The defending national champion Cardinal of Stanford will take on the sixth-ranked Nittany Lions for a special 7:30 p.m. kick time on the Big Ten Network this Friday. The first 500 fans in attendance will receive rally towels as Penn State attempts to have the largest crowd ever at Jeffrey Field. The previous record was set in 2010 vs. Virginia, as 3,912 attended the game. The women's soccer program encourages all foreign students who have arrived early on campus to attend Friday's game. Parking and admission is free for the contest.
One of Costa Rica's top players, Rodriguez has been a fixture on the youth circuit, leading the U-17 team to the FIFA World Cup in 2008, scoring once, while helping the U-20 team to the 2010 World Cup as well. An attacking midfielder, Rodriguez comes from a soccer family as her father, Sivianni, played with the Costa Rican National Team.

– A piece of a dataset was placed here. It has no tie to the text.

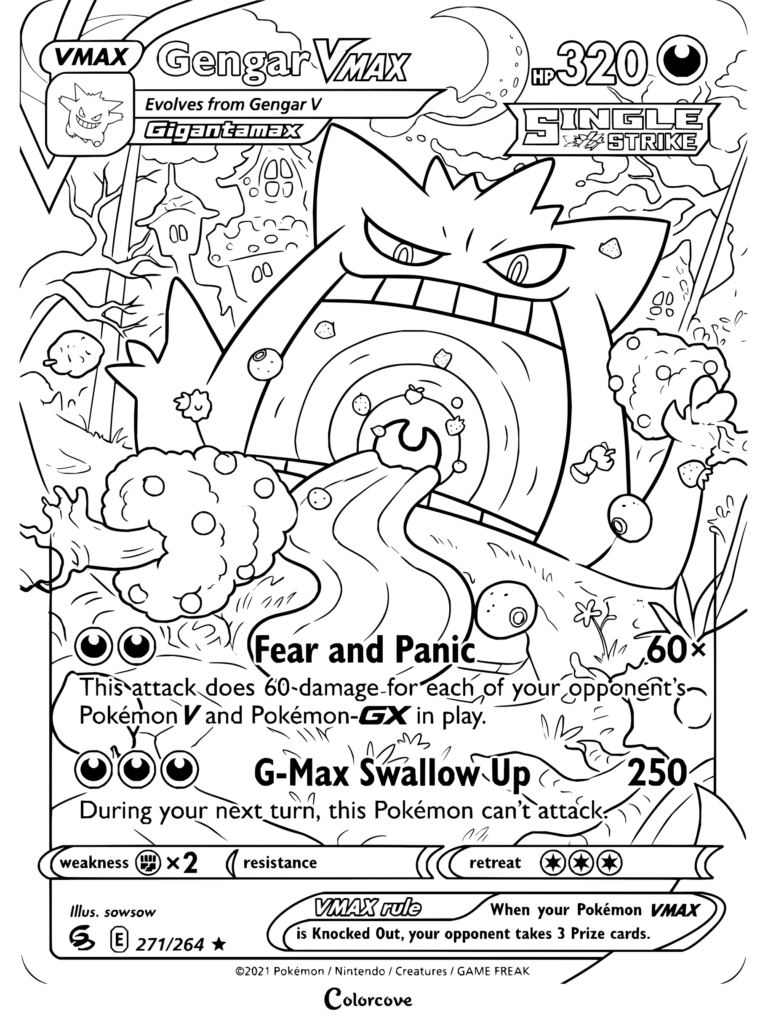 Coloriage de carte Ectoplasma VMAX Pokémon de Épée et Bouclier—Poing de Fusion, 2021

Rodriguez started playing soccer because her father coached a handful of youth teams in Costa Rica. Beginning at the age of four, Rodriguez would attend his courses and practices. She said that training helped develop her technical play.
"Since I was a kid I wanted to be part of a national team," says Rodriguez. "I started at a young age. It was awesome because it helped me become more mature. I always played with women that were at least two years older than me. It was nice to be able to fulfill my goals at such a young age. It was hard, but it was worth it.

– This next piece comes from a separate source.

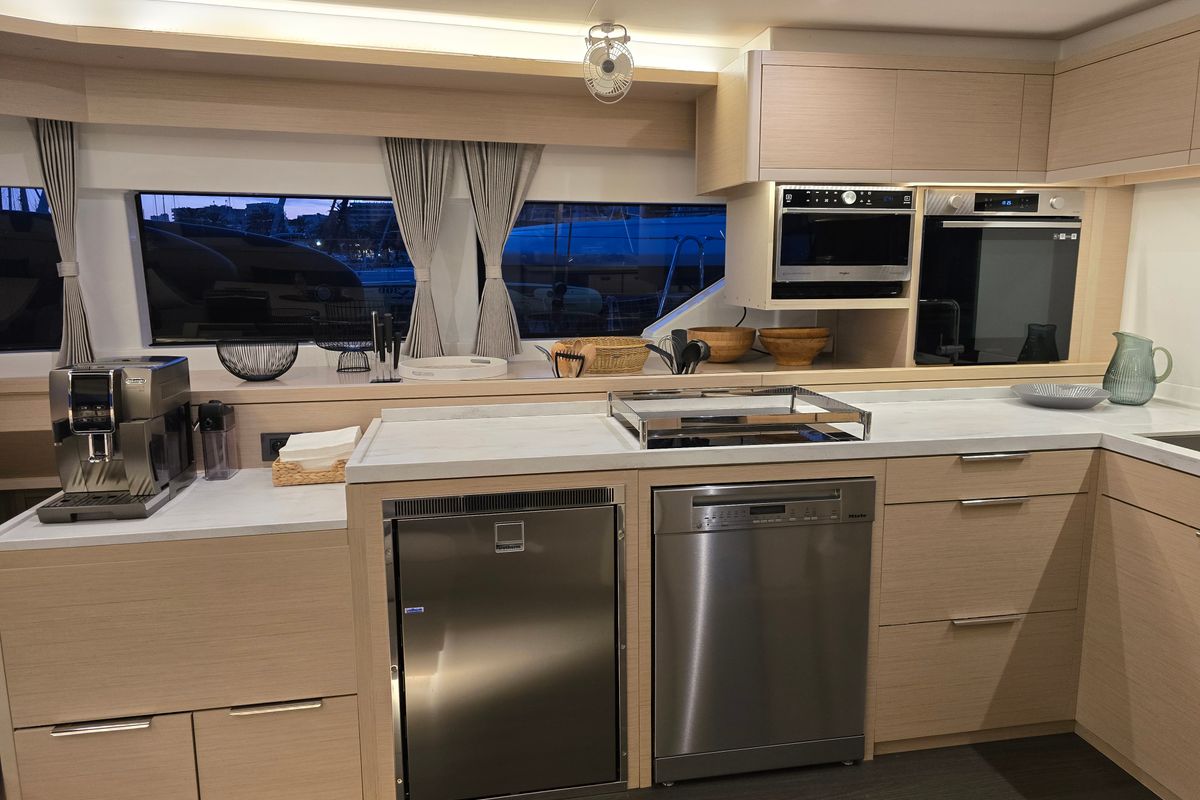 Galley of Emilia, a Lagoon 55 catamaran at Palma de Mallorca, Spain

"Playing for the Costa Rican national team has been such an awesome experience," she continued. "Since I started playing soccer, I had this dream to be part of a national team."
The way Rodriguez learned about Penn State is unique. The freshman never made a visit to campus, and trusted head coach Erica Walsh through phone calls and the internet.
"The only things I knew about Penn State were the things I saw on the internet," says Rodriguez. "Before committing, I wanted to come and visit the University but was unable to. I had to take that step of faith and trust what Coach Walsh spoke about this University. I am very happy with the decision I made."
For Rodriguez, soccer had an intense and different culture in Costa Rica. She said that in Costa Rica, athletes do not have a situation where they can play, walk to their dorms and then wake up the next day and play again. She added that athletes need to find time for themselves to study and educate themselves and balance it with soccer. Additionally, the balance between men's and women's soccer is quite different in Costa Rica as well.
"There is a totally different structure for men's and women's soccer in Costa Rica," she says. "Males are trained by premier coaches since they were 10 years old. For women, there are not as many facilities for us to play soccer. There is not as much support and not as many coaches. For us women that want to play soccer, we most likely have to start playing against men at such a young age."
Nevertheless, Rodriguez is thankful for the opportunities she has been given, not just to play in the United States, but to also play for one of the most respected programs in the country.
"I am just so honored to play for this team and University," says Rodriguez. "I love the coaching staff I play for here. They work in a professional way. I also have great teammates and that's all I can ask for."